Robert Hvide Macleod, Chief Executive Officer of Frontline Management AS commented:
“The market improved in the fourth quarter before pulling back due to OPEC cuts, accelerated fleet growth and seasonal factors. In recent weeks, the market has reversed course, with US export volumes and VLCC rates doubling since January. We expect the market to remain volatile but continue to trend higher as the fleet prepares for new regulations and oil volumes return. Crude oil tanker demand will also receive a significant boost as refineries increase crude import runs to meet incremental demand for compliant fuels prior to the implementation of IMO 2020 regulations. Although there are always risks related to slowing global demand, multiple positive market drivers should result in strong year over year growth in earnings.”
Inger M. Klemp, Chief Financial Officer of Frontline Management AS added:
“Our current newbuilding program will be completed with the delivery of our last VLCC newbuilding expected in April 2019. With limited capital expenditure requirements going forward and backed by attractive financing, Frontline is committed to maintaining its healthy balance sheet. This supports our low breakeven rates and enables the Company to generate significant cash flow in a strengthening tanker market.”
The average daily time charter equivalents (“TCE”) earned by Frontline in the quarter ended December 31, 2018, the prior quarters and in the year ended December 31, 2017, are shown below, along with spot estimates for the first quarter of 2019 and the estimated average daily cash break-even (“BE”) rates for the remainder of 2019:
The estimated average daily cash break-even rates are the daily TCE rates the vessels must earn in order to cover operating expenses including dry docks, repayments of loans, interen loans, bareboat/tc hire and general and administrative expenses.
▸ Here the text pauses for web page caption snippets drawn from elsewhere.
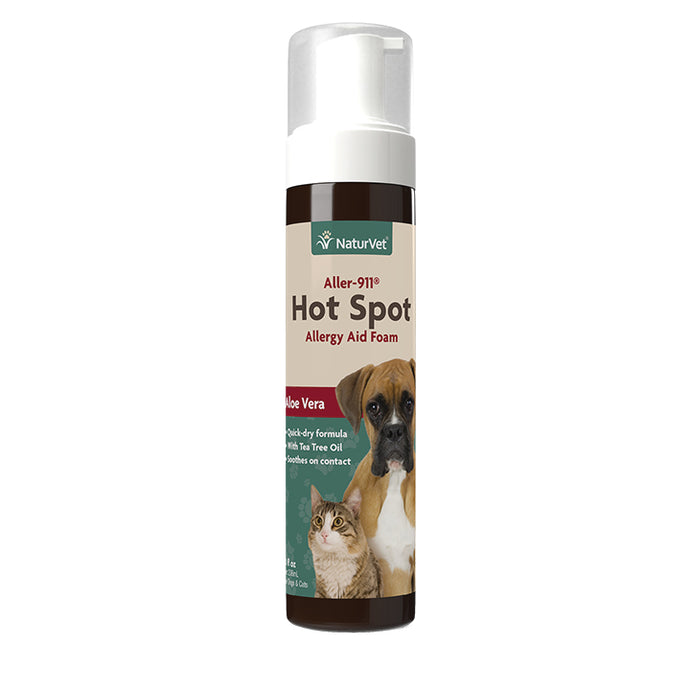 NaturVet Hot Spot 236ml Dog & Cat Supplement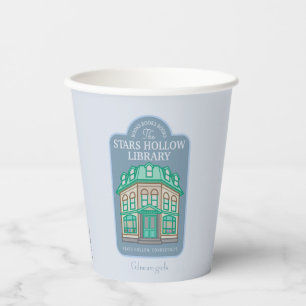 Gilmore Girls   Stars Hollow Library Pappbecher
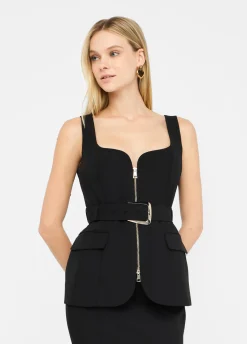 Liu Jo Gilet zippé|Femme Vestes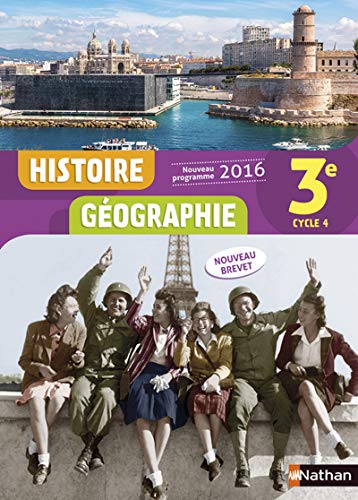 Histoire Geographie 3e 2016 Manuel eleve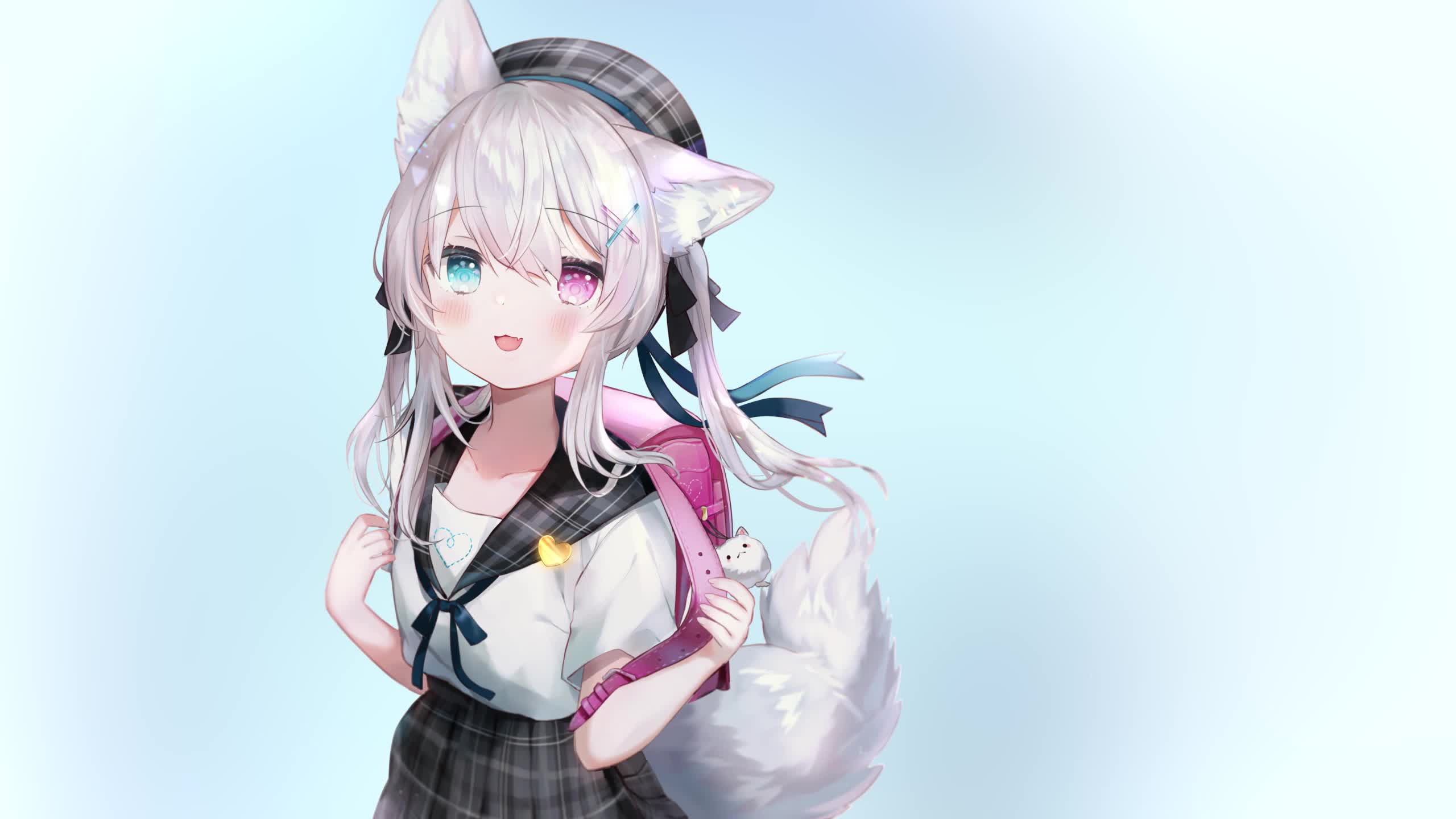 Anime Cat Girl Live Wallpaper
Spot estimates are provided using the load-to-discharge method of accounting as described in Note 2 to our Unaudited Condensed Consolidated Financial Statements. The rates quoted are for days currently contracted. The actual rates to be earned in the first quarter of 2019 will therefore depend on the number of additional days that we can contract, and more importantly the number of additional days that each vessel is laden. Therefore a high number of ballast days at the end of the quarter will limit the amount of additional revenues to be booked based on accounting under ASC 606.
The load-to-discharge method of accounting results in revenues being recognized over fewer days, but at a higher rate for those days. Over the life of a voyage there is no difference in the total revenues and costs to be recognized.
When expressing TCE per day, the Company uses the total available days for the quarter and not just the number of days the vessel is laden.